TASK PROMPT: Looking at the records below, please work out how many lines contain the word "Toyota" and give the number alone.

═════ EXCERPTED DATA ═════

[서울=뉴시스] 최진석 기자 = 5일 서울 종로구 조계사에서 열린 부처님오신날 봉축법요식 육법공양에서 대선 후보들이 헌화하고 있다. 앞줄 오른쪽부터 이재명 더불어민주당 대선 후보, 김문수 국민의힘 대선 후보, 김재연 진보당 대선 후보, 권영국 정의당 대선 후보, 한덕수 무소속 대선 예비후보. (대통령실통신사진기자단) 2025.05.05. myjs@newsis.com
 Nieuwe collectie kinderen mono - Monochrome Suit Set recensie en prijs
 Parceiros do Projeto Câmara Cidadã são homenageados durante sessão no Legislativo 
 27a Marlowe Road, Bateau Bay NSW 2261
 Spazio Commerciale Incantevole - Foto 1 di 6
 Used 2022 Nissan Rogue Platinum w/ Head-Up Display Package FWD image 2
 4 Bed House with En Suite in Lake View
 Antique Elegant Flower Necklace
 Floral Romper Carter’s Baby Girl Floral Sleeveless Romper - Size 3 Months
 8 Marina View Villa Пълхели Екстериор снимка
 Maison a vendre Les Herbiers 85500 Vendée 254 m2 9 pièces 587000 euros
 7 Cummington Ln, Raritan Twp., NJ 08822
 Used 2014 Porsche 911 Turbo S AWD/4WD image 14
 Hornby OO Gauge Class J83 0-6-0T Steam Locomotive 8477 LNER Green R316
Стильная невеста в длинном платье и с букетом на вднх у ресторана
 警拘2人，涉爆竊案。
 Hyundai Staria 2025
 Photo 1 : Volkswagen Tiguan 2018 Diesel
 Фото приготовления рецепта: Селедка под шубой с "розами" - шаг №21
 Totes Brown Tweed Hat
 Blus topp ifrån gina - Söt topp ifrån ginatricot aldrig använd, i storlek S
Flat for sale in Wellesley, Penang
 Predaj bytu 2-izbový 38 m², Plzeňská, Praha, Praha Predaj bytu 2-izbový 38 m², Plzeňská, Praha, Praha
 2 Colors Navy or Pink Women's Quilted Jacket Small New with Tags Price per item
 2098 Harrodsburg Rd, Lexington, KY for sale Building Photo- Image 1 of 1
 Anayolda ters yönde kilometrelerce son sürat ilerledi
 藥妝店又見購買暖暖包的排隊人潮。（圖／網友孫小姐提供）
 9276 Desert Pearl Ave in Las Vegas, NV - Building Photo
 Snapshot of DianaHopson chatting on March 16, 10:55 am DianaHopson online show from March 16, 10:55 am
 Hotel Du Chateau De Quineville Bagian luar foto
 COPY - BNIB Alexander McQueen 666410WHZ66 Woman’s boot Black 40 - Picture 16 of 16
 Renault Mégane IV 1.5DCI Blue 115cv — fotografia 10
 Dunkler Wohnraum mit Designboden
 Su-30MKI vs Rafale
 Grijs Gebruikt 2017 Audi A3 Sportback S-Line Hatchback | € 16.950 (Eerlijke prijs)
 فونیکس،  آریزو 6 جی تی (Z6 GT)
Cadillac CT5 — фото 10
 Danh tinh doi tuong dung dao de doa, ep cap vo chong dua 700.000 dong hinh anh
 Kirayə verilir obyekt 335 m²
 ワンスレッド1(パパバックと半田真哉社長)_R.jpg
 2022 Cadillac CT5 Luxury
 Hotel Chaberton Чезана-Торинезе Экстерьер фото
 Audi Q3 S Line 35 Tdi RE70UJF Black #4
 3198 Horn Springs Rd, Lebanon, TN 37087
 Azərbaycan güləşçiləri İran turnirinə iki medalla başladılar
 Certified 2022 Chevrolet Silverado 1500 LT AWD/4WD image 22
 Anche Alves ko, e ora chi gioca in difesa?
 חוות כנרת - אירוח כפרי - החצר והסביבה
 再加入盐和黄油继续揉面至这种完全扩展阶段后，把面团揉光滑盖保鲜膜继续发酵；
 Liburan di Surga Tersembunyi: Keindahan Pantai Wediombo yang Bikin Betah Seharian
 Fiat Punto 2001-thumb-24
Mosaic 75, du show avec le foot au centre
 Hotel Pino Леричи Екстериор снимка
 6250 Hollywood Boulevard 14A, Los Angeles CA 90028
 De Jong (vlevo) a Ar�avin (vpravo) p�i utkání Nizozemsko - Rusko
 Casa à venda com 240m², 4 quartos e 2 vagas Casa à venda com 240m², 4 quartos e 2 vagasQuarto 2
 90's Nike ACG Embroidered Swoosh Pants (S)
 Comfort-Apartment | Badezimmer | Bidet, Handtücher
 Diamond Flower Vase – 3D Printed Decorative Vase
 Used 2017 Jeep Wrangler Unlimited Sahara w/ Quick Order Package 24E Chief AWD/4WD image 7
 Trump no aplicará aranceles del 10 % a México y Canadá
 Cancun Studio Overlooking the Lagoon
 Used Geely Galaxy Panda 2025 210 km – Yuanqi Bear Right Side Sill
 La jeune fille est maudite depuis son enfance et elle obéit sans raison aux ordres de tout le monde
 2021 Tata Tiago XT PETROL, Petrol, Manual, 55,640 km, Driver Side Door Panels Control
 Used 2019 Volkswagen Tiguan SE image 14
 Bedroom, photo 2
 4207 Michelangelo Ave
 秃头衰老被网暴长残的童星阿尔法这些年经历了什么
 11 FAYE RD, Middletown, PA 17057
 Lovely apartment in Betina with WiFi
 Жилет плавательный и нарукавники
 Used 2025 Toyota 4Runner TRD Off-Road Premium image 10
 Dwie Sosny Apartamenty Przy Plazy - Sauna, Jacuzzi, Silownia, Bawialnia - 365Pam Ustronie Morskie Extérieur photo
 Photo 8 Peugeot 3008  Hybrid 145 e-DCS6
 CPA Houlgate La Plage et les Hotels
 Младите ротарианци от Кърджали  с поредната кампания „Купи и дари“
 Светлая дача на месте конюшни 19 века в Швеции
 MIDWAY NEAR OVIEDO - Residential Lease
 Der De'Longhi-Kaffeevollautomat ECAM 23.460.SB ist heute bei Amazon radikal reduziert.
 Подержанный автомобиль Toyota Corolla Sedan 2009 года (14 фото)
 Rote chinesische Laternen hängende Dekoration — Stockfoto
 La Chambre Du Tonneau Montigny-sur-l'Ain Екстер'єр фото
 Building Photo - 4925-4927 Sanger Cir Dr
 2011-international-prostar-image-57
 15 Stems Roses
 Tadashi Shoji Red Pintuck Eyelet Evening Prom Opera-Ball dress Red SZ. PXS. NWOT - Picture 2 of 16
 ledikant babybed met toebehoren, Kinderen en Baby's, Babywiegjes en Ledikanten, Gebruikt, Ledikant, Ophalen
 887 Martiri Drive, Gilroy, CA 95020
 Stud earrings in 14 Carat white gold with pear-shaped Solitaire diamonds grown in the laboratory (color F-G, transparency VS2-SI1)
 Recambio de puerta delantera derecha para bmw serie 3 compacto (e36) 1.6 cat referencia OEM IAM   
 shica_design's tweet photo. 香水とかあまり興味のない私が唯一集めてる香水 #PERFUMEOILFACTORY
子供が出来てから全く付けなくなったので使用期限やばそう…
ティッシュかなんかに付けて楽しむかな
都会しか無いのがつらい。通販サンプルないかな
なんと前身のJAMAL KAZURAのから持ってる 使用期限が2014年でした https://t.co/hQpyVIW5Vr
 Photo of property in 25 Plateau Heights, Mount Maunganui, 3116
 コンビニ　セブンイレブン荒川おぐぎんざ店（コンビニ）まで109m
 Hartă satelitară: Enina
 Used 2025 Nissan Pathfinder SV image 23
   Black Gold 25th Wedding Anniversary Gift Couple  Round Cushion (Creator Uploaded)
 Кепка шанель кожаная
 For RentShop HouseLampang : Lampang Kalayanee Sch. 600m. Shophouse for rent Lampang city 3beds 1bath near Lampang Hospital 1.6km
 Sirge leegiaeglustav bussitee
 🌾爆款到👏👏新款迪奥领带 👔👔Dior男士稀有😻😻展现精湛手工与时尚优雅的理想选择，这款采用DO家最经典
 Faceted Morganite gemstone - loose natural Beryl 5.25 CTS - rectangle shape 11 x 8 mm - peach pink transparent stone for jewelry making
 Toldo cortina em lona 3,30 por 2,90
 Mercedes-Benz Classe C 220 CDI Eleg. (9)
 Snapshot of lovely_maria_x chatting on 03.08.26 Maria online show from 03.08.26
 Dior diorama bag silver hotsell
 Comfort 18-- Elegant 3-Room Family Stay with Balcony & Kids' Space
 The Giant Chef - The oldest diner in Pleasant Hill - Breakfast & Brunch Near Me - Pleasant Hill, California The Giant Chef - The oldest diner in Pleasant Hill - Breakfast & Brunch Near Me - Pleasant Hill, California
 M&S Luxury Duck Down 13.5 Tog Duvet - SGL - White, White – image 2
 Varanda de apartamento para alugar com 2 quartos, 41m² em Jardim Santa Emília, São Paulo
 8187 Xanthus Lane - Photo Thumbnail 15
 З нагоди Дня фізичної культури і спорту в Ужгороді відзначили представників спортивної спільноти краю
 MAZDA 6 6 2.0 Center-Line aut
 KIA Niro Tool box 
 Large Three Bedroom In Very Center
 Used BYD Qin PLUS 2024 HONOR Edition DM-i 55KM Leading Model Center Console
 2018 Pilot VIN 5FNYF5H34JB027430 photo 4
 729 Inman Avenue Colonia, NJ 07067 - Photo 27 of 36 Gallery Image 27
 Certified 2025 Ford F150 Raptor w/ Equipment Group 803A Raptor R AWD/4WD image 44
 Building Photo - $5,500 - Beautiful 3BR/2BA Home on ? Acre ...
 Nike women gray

═════

ANSWER TO THIS PROBLEM: 2